-- Material to process --
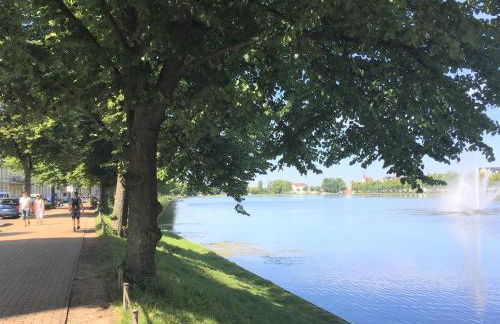 Schwerin Apartment am Pfaffenteich - Foto 10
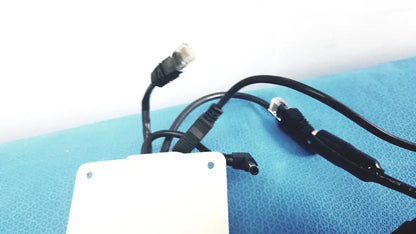 PDI Medical Monitor Mounting Arm with Adaptor and Cables Monitor Mounting Arm, second-hand product photo 12
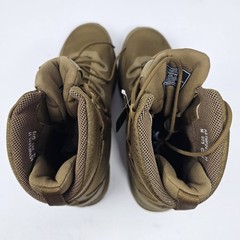 ALTAMA RAPTOR 8″ STEEL TOE Tactical Boots (Coyote) Mens Size 9.5R NEW IN BOX
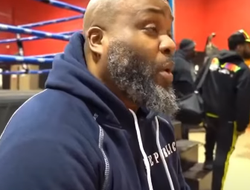 фото - «Он закончил». Ломаченко не хочет драться с Дэвисом в этом году — реакция тренера американца 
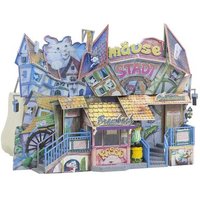 FALLER 140423 H0 Laufgeschäft Mäusestadt, Ep. IV von FALLER®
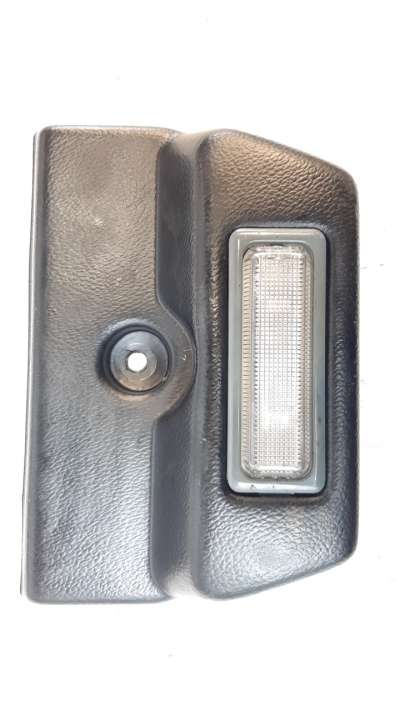 Recambio de luz interior para aixam sv43cf 2018-2018 s8 referencia OEM IAM AXOSCINTEX  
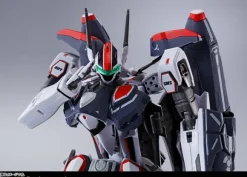 DX Chogokin VF-25F Super Messiah Valkyrie (Alto Saotome Machine) Revival Ver.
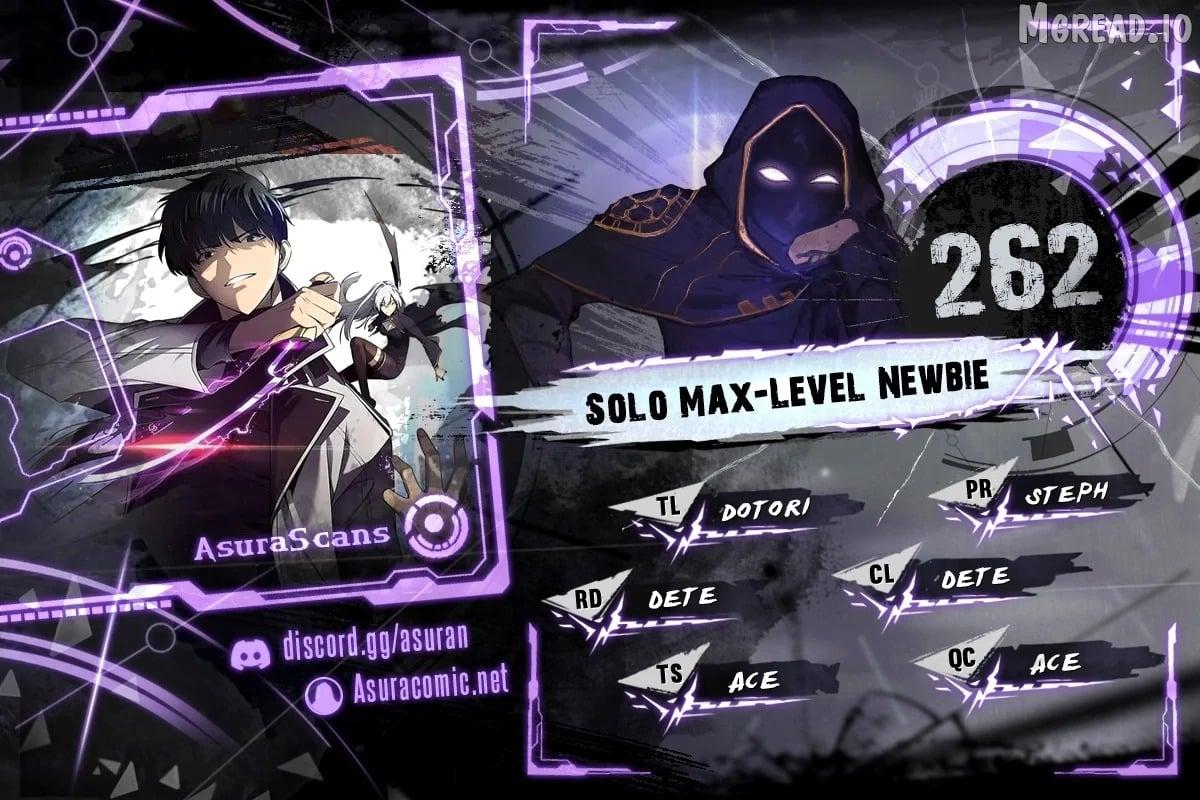 Solo Max-Level Newbie - Chapter 262 Page 1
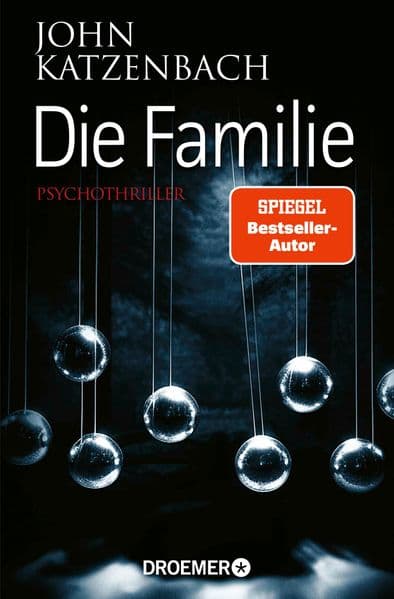 Die Familie: Psychothriller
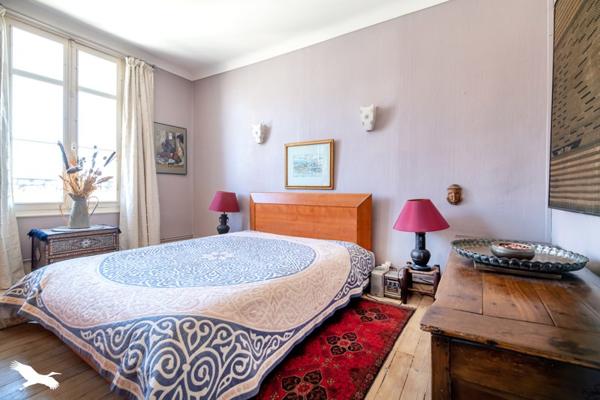 Appartement à vendre |  Saumur |  5 pièces | 96 m²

-- Work task --
The response is to contain exactly the lines from the beginning of the data through the line containing "DX Chogokin VF-25F", both ends included, and nothing else; omit the pictures.

-- Problem solution --
 Schwerin Apartment am Pfaffenteich - Foto 10
 PDI Medical Monitor Mounting Arm with Adaptor and Cables Monitor Mounting Arm, second-hand product photo 12
 ALTAMA RAPTOR 8″ STEEL TOE Tactical Boots (Coyote) Mens Size 9.5R NEW IN BOX
 фото - «Он закончил». Ломаченко не хочет драться с Дэвисом в этом году — реакция тренера американца 
 FALLER 140423 H0 Laufgeschäft Mäusestadt, Ep. IV von FALLER®
 Recambio de luz interior para aixam sv43cf 2018-2018 s8 referencia OEM IAM AXOSCINTEX  
 DX Chogokin VF-25F Super Messiah Valkyrie (Alto Saotome Machine) Revival Ver.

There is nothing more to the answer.